[Requirement] Find the word "Image" in the listing below. Copy every line that has it.

[Data for this exercise]
------

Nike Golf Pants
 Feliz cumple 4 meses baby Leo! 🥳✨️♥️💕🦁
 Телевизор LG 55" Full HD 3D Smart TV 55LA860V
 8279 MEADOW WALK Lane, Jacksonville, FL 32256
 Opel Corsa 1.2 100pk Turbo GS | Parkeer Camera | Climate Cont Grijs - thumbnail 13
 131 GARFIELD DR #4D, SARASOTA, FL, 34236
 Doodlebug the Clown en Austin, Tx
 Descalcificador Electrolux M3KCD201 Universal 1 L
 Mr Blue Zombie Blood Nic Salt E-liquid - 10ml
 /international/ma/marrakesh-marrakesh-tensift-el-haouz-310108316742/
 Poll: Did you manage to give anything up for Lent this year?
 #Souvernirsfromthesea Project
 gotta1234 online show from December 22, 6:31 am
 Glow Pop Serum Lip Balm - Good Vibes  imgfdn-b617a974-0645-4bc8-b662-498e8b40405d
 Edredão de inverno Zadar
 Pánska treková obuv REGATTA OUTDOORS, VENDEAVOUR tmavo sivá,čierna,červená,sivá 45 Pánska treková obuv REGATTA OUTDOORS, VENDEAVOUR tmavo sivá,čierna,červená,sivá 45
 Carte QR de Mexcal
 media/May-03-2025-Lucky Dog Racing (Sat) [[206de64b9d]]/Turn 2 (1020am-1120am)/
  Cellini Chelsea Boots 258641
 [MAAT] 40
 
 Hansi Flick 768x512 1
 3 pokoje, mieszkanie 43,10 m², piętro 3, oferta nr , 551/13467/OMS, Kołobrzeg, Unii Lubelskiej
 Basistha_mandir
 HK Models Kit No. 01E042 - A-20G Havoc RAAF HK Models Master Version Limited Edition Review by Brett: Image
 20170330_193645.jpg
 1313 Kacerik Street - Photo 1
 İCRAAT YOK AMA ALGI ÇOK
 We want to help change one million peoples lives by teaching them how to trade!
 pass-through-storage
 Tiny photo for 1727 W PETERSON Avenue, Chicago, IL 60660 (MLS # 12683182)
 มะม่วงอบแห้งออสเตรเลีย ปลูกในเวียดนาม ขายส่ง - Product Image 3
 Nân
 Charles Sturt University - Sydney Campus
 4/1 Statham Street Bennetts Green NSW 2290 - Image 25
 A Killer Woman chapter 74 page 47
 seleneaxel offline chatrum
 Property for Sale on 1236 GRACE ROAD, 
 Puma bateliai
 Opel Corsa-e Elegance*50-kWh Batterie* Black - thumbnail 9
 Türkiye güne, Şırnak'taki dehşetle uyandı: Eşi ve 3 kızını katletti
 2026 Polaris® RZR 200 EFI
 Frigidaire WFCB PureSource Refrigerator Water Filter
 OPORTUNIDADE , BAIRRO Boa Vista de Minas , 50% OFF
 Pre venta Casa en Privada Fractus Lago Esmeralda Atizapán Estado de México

------

[Written solution]
 HK Models Kit No. 01E042 - A-20G Havoc RAAF HK Models Master Version Limited Edition Review by Brett: Image
 มะม่วงอบแห้งออสเตรเลีย ปลูกในเวียดนาม ขายส่ง - Product Image 3
 4/1 Statham Street Bennetts Green NSW 2290 - Image 25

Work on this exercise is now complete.